• What this task involves:
Everything from the line with "a bedroom with" to the final line of the entries, both included, should be restated word for word; please omit the pictures.
________________________
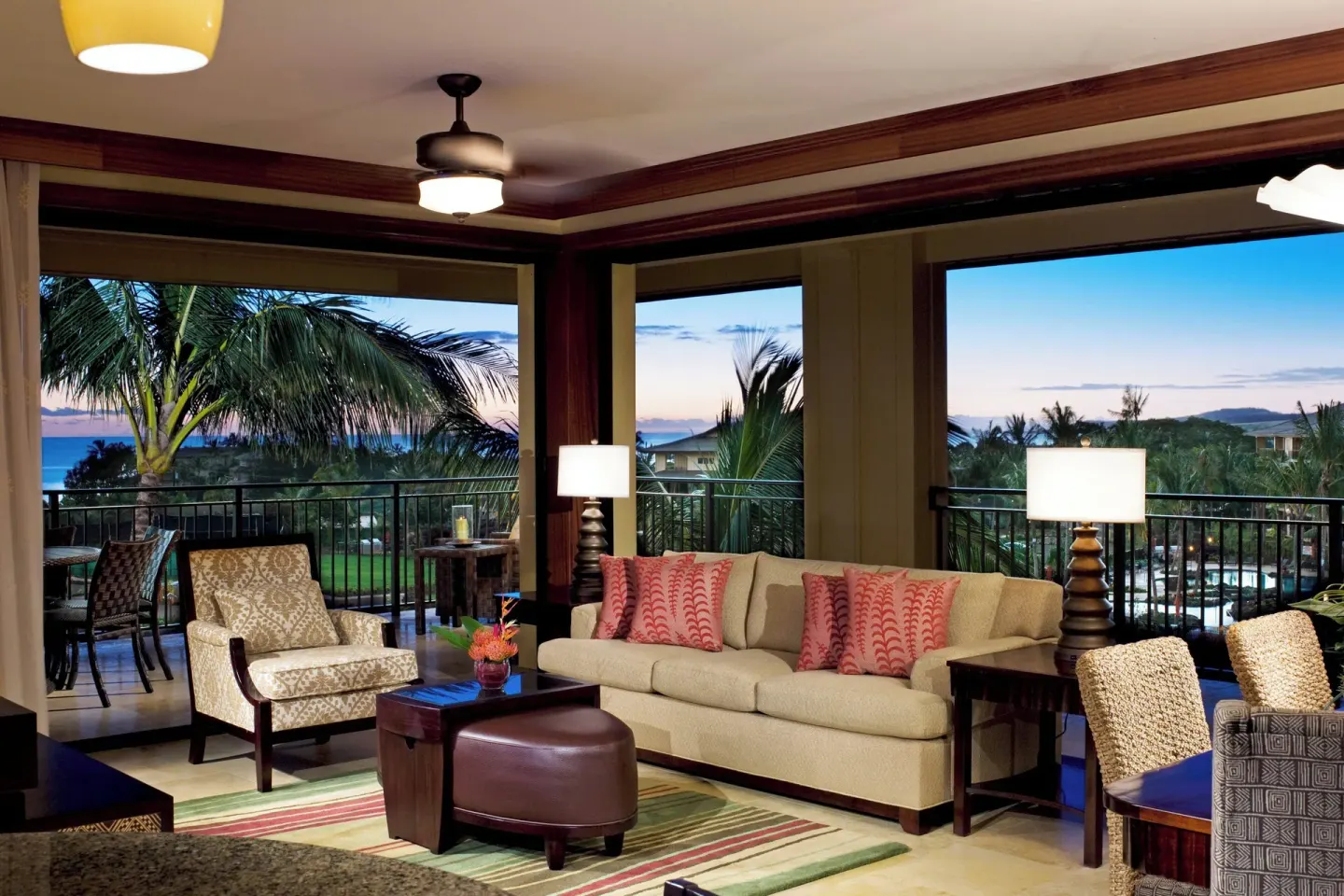 Suite living room with wraparound lanai and ocean at dusk at Koloa Landing Resort at Poipu.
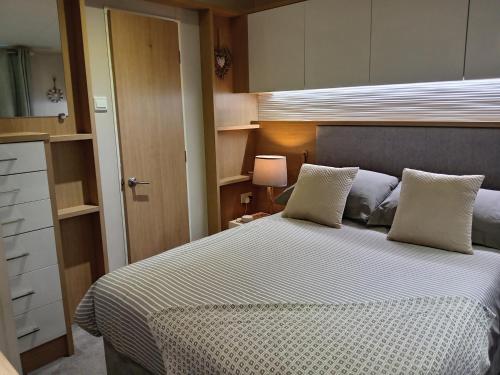 a bedroom with a large bed and a cabinet at Newquay Bay Resort - Poppy's Lodge Retreat in Newquay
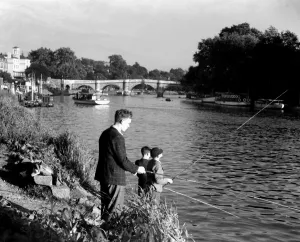 Fishing Prints: Boys fishing by the riverside on the Thames at Richmond, London, England, UK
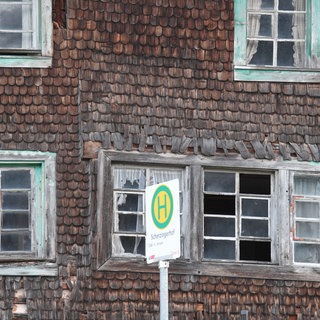 Verfallenes altes Bauernhaus mit verwitterten Holzschindeln.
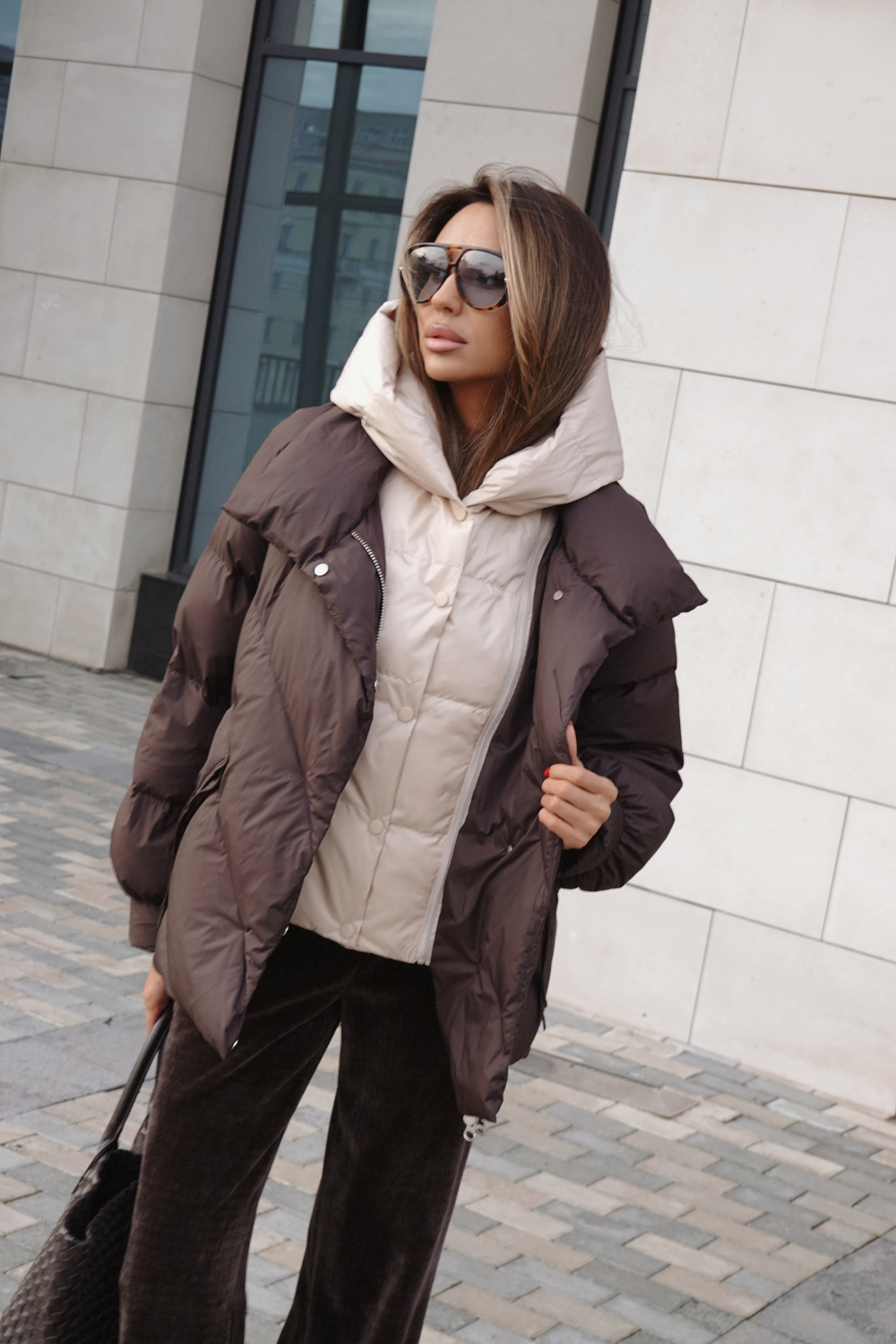 Пуховик средней длины с декором на карманах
________________________
• Your solution:
 a bedroom with a large bed and a cabinet at Newquay Bay Resort - Poppy's Lodge Retreat in Newquay
 Fishing Prints: Boys fishing by the riverside on the Thames at Richmond, London, England, UK
 Verfallenes altes Bauernhaus mit verwitterten Holzschindeln.
 Пуховик средней длины с декором на карманах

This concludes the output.